> [What you need to do]
Given the records underneath, please repeat exactly the lines from the line with "Bug Trinkflasche (Rückseite)" through the line with "Fire Joker 100", passing over any picture.

> [Exercise data]

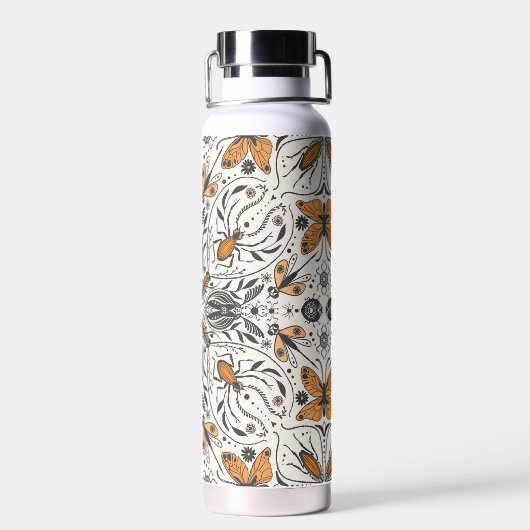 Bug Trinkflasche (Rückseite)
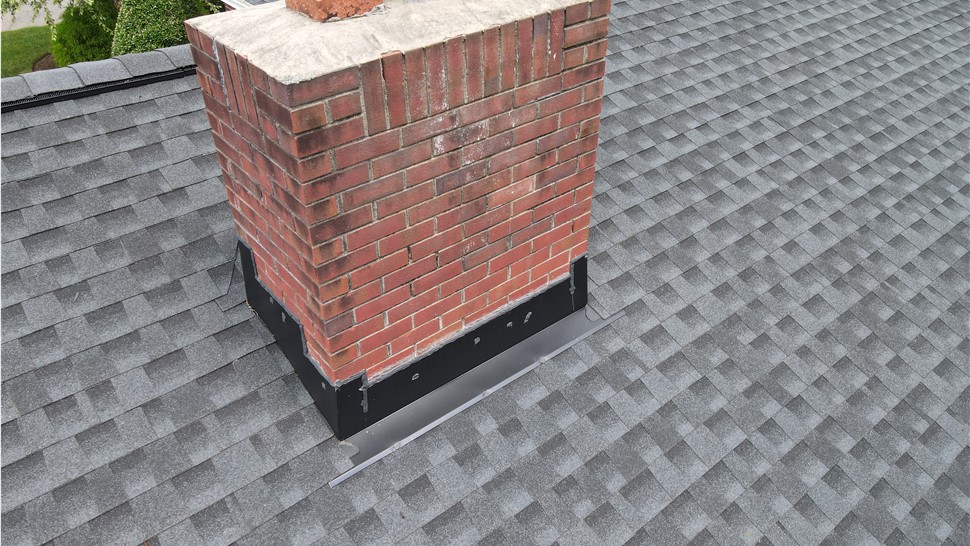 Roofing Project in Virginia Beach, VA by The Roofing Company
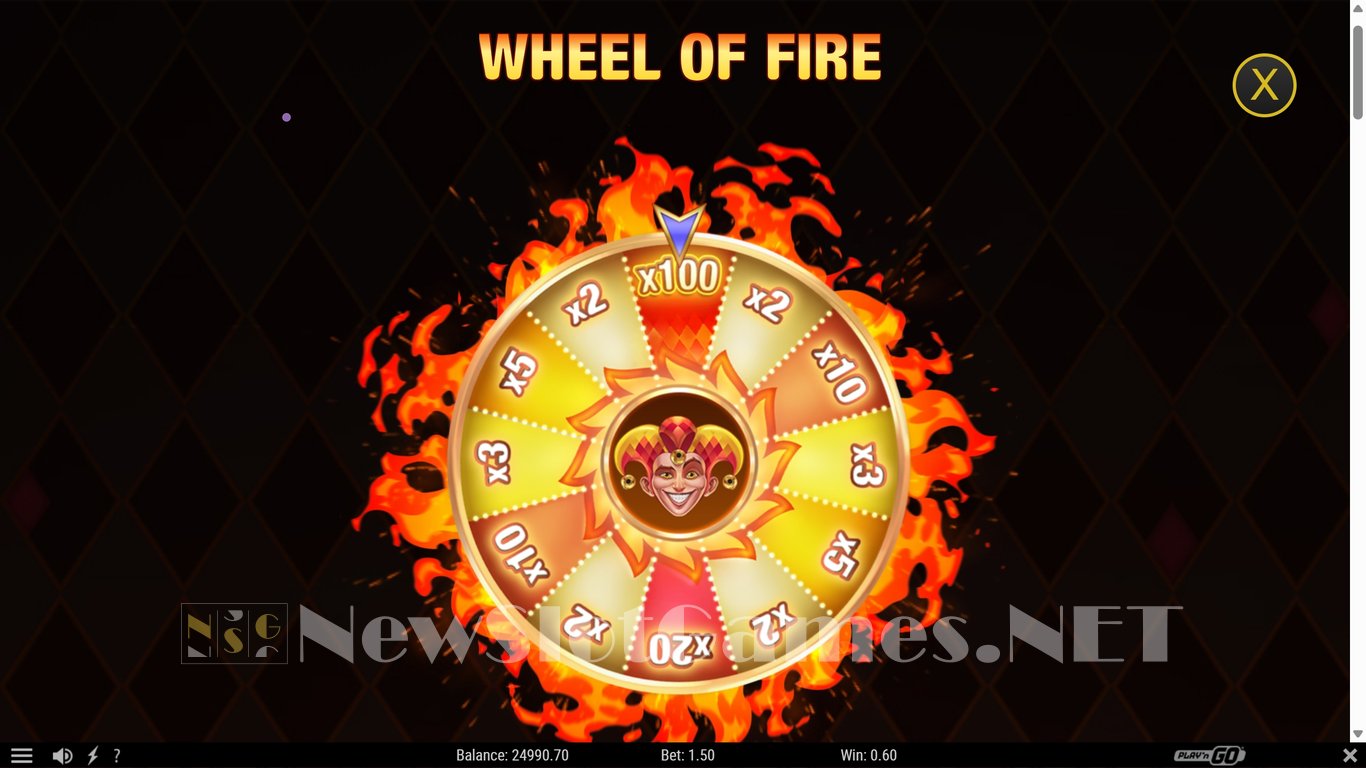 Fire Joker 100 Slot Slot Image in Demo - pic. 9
---
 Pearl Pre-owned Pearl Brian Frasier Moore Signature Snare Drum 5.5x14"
---
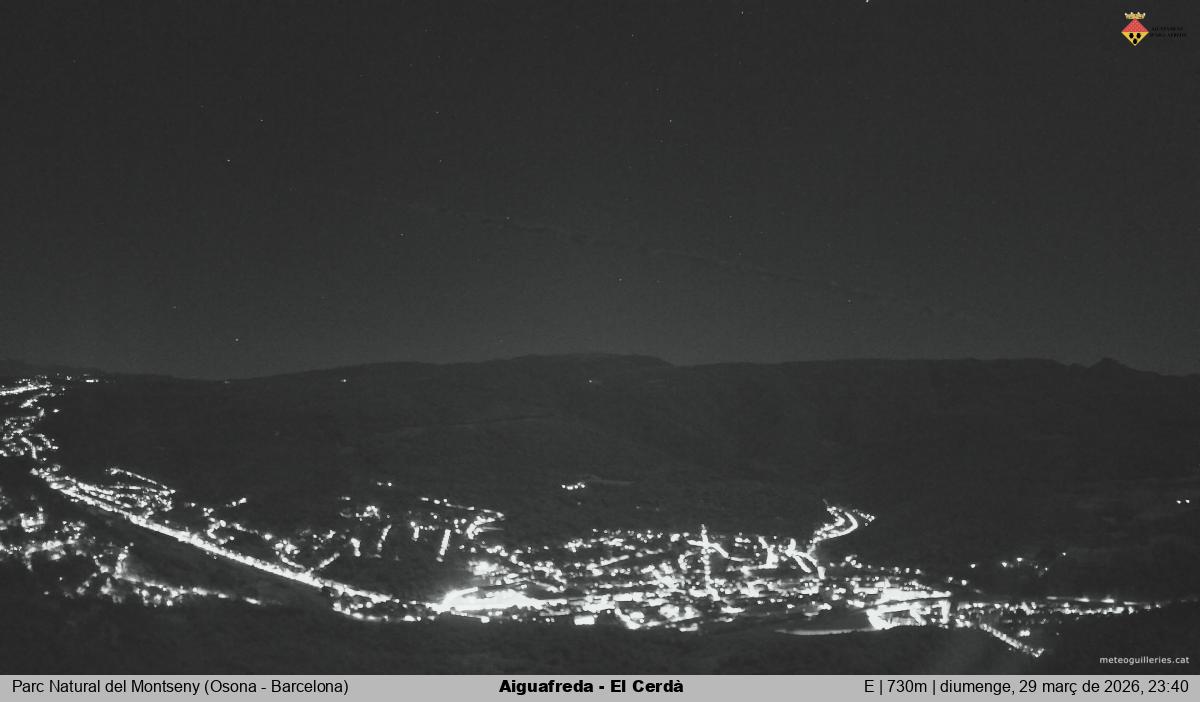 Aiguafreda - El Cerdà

> [Completed exercise]
 Bug Trinkflasche (Rückseite)
 Roofing Project in Virginia Beach, VA by The Roofing Company
 Fire Joker 100 Slot Slot Image in Demo - pic. 9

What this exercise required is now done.